Jonathan Morris, Associate, BSR
It is widely accepted that as a significant contributor to global carbon emissions, the transport sector needs to make environmental improvements in the pursuit of creating a low-carbon economy. Today, around 4 percent of global emissions come from ocean shipping—about equivalent to that of aviation. For global brands, this translates to significant carbon impacts in their own supply chains: Up to 70 percent of carbon emissions during a cargo journey come from the ocean segment.
While the International Maritime Organization has yet to establish a regulatory framework for carbon emissions, the European Commission and various national governments are leaning heavily toward implementing mandatory data measurement, reporting, and verification mechanisms. Indeed, in October 2013, France will enact a law requiring that all carriers providing transport services to and from France provide the carbon footprint of the transport service.
Leading global brands are now setting ambitious targets to reduce emissions from their logistics networks—signaling the increasing relevance of emerging regulations and other drivers. But how can these brands understand and manage how and where to reduce carbon emissions reductions in their logistics chains?

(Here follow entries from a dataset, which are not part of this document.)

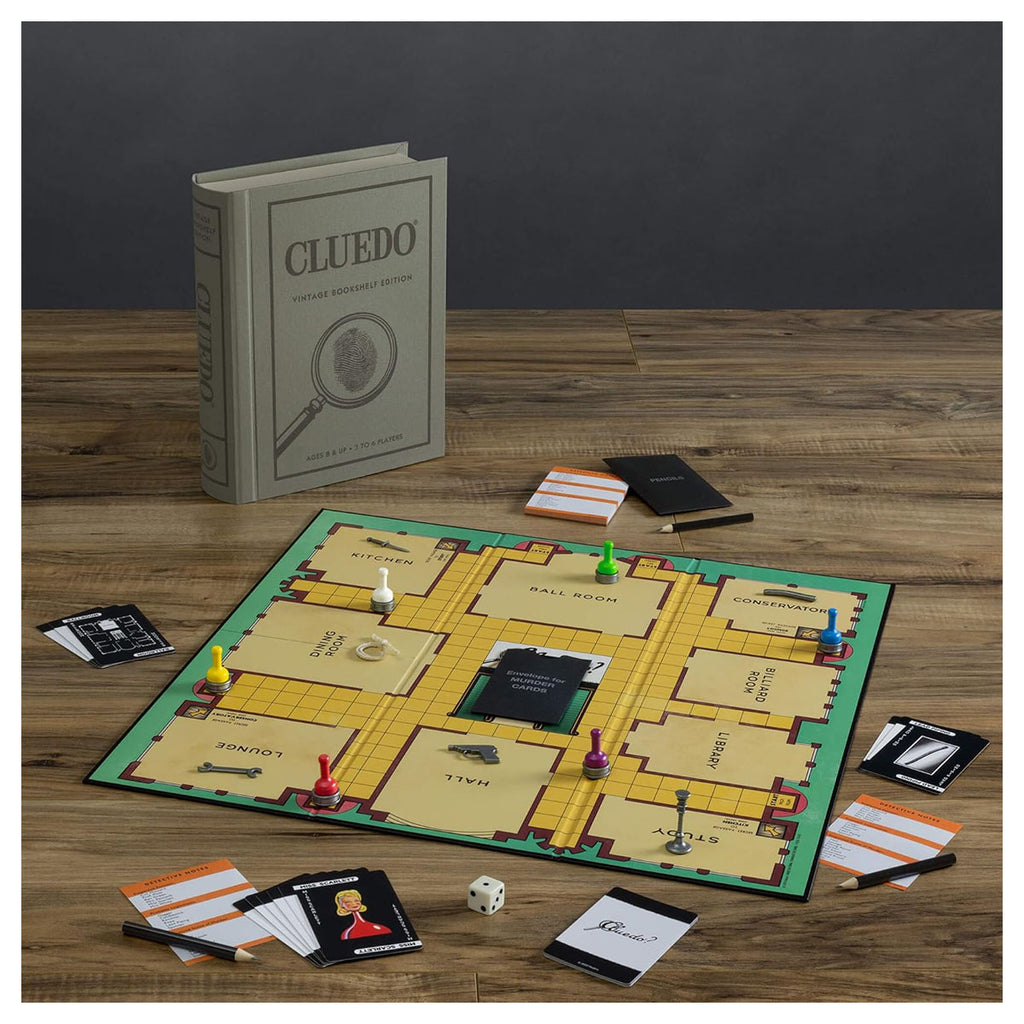 Cluedo Vintage Bookshelf UK Edition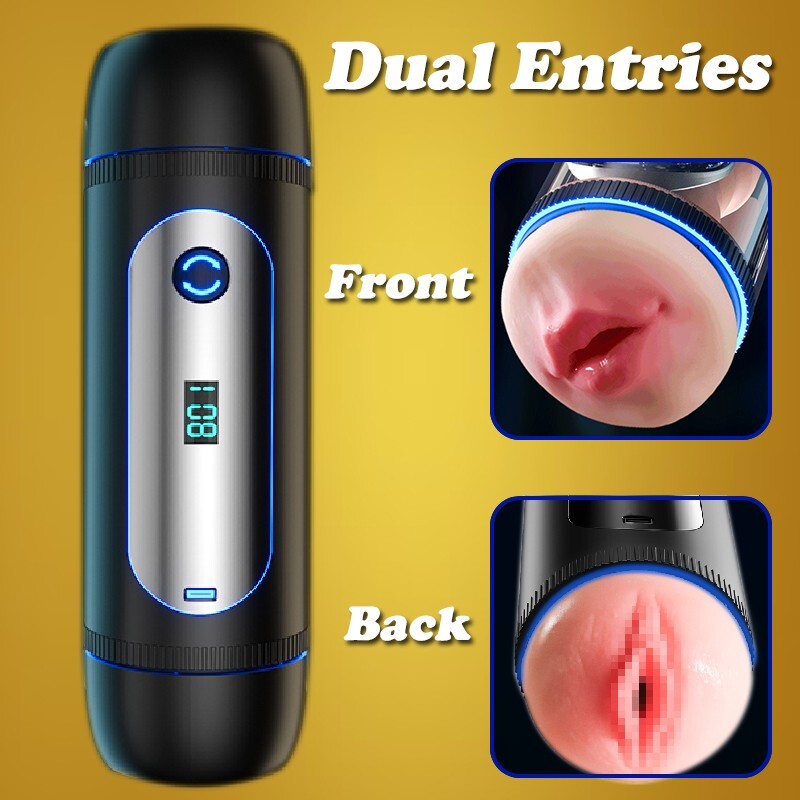 Male Masturbaters Automatic HandsFree Sucking Blowjob Cup Stroker Men Sex Toys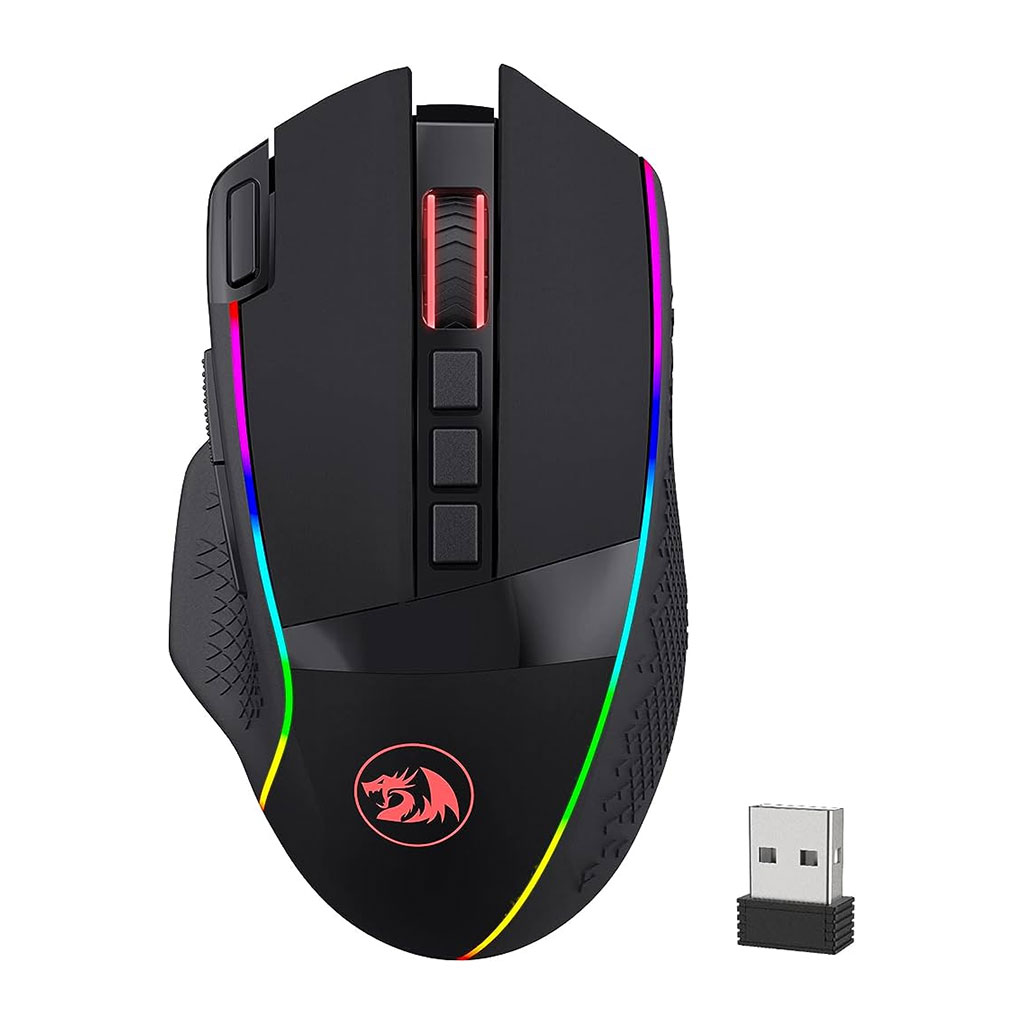 ريدراغون - ماوس ألعاب لاسلكي إف بي إس أسود M988W-RGB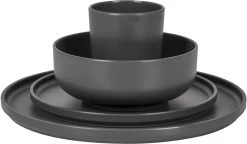 Bo-Camp Patom Melamine Serviesset - 16-delig - Antraciet -Buitenwinkel 699 1200 6181462 04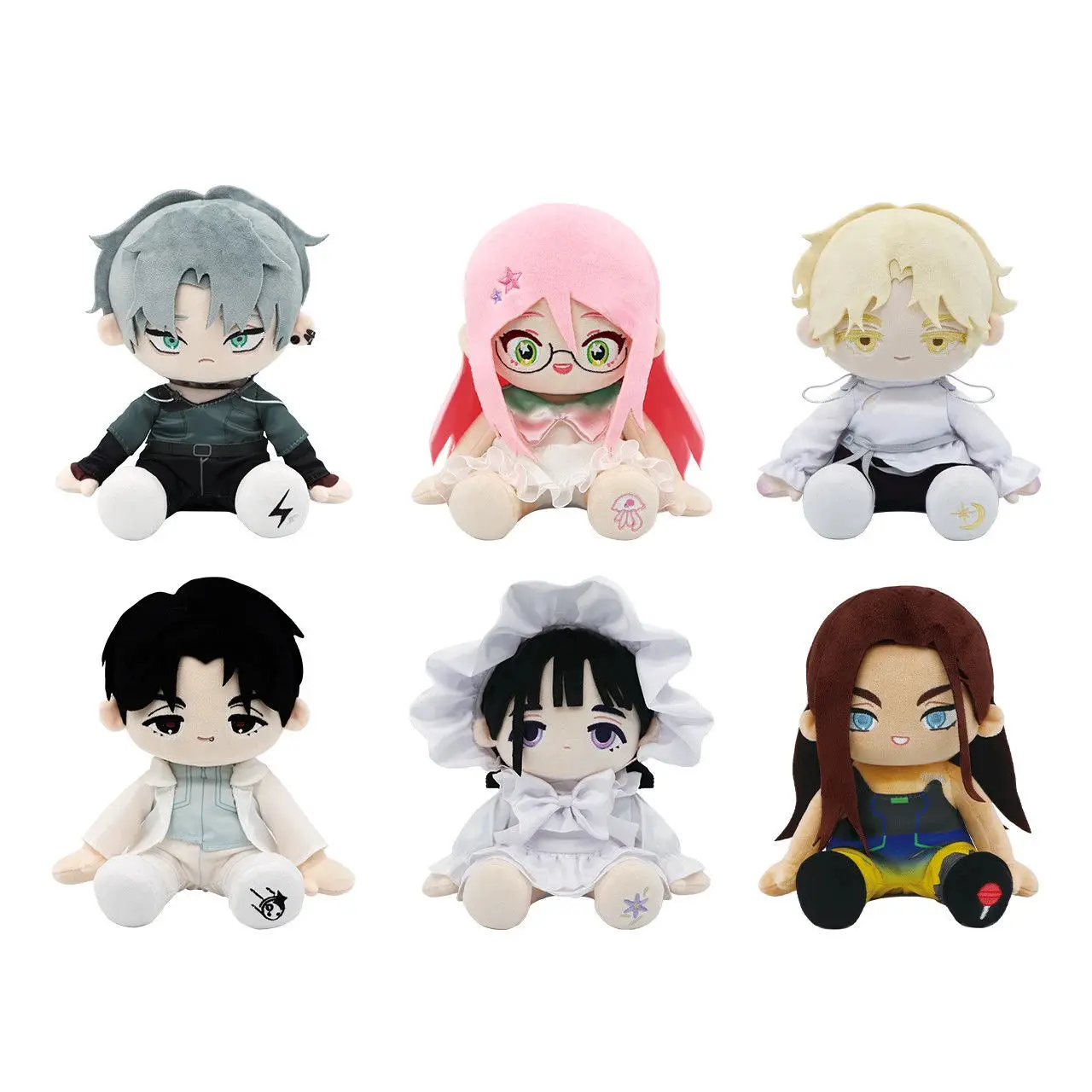 Official Anime Game Alien Stage Till Ivan Sua Luka Mizi Hyuna 20cm Plush Doll Cosplay Sitting Plushie Body Clothes Stuffed Toys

In a recent webinar hosted by partner 2Degrees Network, BSR’s Transport and Logistics practice lead Angie Farrag spoke with Willem Jan Beerthuis, Heineken’s global procurement buyer, and Mads Stensen, Maersk Line’s global advisor for the environment and CSR, about how their participation in BSR's Clean Cargo Working Group helps them measure and report on the environmental impacts in ocean transportation and across the modal chain. The speakers highlighted how Clean Cargo allows them to measure these impacts in a credible, consistent, and comparable way that enhances better business decision making.